İsveç polisinin güvenlik endişelerini gerekçe göstererek 'Kur'an-ı Kerim'in yakılmasını yasaklayan' kararı ülkenin idari mahkemesi tarafından bozuldu.
İsveç'te mahkeme 'güvenlik riski endişelerinin' gösteri yapma hakkını sınırlamak için yeterli olmadığına karar verdi.
Benzer eylemlerin tekrar etmemesi için yakma protestolarının yasaklanması amaçlanmıştı.

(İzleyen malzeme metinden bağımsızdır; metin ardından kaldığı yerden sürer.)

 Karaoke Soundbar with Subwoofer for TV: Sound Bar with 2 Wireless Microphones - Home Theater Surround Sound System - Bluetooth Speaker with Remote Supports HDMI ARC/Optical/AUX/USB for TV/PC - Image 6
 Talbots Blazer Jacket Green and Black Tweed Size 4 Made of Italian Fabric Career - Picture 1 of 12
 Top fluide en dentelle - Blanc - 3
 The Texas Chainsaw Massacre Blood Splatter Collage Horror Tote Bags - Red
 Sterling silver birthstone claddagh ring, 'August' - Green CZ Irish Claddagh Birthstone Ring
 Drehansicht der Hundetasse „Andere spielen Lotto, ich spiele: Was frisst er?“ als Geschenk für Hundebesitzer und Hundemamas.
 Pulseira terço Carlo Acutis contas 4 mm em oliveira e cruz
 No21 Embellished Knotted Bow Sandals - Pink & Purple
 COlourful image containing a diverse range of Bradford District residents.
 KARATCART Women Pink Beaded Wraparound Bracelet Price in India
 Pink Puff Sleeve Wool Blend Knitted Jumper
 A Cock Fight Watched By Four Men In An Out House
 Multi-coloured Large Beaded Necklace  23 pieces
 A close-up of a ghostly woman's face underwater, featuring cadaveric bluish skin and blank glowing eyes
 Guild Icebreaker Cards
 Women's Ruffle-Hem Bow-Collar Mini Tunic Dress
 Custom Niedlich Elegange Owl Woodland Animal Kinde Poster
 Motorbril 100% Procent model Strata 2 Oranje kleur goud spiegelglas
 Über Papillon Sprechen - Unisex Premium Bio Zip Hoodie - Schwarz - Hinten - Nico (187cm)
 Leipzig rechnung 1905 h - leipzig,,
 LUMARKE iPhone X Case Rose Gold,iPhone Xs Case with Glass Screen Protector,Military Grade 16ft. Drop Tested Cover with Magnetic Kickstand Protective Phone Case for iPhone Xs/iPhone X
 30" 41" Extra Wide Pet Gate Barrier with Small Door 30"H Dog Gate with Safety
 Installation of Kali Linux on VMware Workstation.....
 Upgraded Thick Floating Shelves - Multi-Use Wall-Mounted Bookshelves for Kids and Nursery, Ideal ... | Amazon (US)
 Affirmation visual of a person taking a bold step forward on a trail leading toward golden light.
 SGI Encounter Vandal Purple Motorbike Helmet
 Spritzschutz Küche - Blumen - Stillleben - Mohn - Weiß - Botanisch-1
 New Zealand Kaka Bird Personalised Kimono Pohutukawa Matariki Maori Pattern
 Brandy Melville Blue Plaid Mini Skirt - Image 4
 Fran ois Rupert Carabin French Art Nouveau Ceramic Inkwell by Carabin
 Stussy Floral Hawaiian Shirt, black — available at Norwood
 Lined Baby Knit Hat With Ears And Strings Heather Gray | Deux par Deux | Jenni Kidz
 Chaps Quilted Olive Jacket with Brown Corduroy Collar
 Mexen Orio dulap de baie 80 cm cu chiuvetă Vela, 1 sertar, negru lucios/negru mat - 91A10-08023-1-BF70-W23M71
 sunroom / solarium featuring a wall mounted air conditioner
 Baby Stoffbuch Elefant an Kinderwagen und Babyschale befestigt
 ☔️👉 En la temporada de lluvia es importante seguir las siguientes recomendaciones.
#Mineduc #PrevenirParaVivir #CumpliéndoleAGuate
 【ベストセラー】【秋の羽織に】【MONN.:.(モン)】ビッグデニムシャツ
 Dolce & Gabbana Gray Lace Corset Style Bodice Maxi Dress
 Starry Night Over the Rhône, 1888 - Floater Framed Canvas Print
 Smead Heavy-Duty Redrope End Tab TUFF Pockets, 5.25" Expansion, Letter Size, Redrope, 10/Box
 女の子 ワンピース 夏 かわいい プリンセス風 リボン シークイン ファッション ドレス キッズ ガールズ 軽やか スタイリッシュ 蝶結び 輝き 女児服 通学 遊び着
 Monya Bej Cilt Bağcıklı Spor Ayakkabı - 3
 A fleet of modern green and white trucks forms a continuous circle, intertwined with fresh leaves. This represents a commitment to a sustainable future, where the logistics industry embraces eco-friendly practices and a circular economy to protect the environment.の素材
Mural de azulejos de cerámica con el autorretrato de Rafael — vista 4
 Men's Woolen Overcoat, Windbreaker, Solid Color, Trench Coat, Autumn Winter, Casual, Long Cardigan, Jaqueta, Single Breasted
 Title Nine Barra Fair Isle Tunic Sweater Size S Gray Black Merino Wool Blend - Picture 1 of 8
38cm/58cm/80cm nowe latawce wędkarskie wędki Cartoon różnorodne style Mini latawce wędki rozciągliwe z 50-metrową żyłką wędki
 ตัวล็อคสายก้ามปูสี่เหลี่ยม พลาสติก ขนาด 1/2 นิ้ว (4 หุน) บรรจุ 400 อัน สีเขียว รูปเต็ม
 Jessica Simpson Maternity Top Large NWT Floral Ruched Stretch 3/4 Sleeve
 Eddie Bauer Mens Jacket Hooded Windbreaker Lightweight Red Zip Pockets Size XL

Irkçı Stram Kurs partisi lideri Rasmus Paludan'ın 21 Ocak'ta Türkiye'nin Stockholm Büyükelçiliği önünde Kur'an yakarak gerçekleştirdiği eylem Türkiye ve İsveç arasında da gerilime neden olmuştu.
POLİS KORUMASINDA SALDIRI
Türkiye, polisin gösteriye izin vermesinden özellikle rahatsız olmuştu. Ankara, İsveç'in NATO müzakerelerinde gerekeni yapmadığı hususunda uyaran açıklamalarda bulundu.
İsveçli politikacılar ise Kuran'ın yakılmasını eleştirseler de "ifade özgürlüğü" hakkını savundular.
Son olarak İsveç polisi geçtiğimiz ay, 'Kur'an-ı Kerim yakma' eylemlerinin yasaklanmasına karar verdi ancak İsveç İdari Mahkemesi bu yasak kararını iptal etti.
Yargıç Eva-Lotta Hedin, Stockholm'deki Türk ve Irak büyükelçilikleri önünde planlanan protestolara atıfta bulunarak "Polisin kararı için yeterli destekleyici unsur bulunmamıştır" dedi.
5 KİŞİ TUTUKLANDI
Öte yandan İsveç İç Güvenlik Teşkilatı (Sapo) kararın açıklandığı sabah 'terör eylemi' planladığından şüphelenilen 5 kişinin tutuklandığını duyurdu. Tutuklanan kişilerin ocak ayında İsveç büyükelçiliği önünde gerçekleştirilen Kur'an-ı Kerim yakma eylemi ile bağlantılı olduğu belirtildi.
Salı günü erken saatlerde yapılan tutuklamalar Eskilstuna, Linkoping ve Strangnas kasabalarında gerçekleşti.
Şüphelilerin uluslararası "İslami aşırıcılık" ile bağlantılı olduğu açıklandı. Ancak Güvenlik Servisi, bir saldırının yakın zaman zarfında beklenmediğini söyledi. Açıklamada, "Güvenlik Teşkilatının bir tehdidi önlemek için genellikle erken harekete geçmesi gerekir. Harekete geçmek için bir suçun işlenmesini bekleyemeyiz" denildi.
Sapo terörle mücadele birimi başkan yardımcısı Susanna Trehorning, "Mevcut dava, Sapo'nun Kur'an-ı Kerim yakma olayıyla bağlantılı olarak üzerinde çalıştığı birkaç vakadan biriydi" ifadelerini kullandı.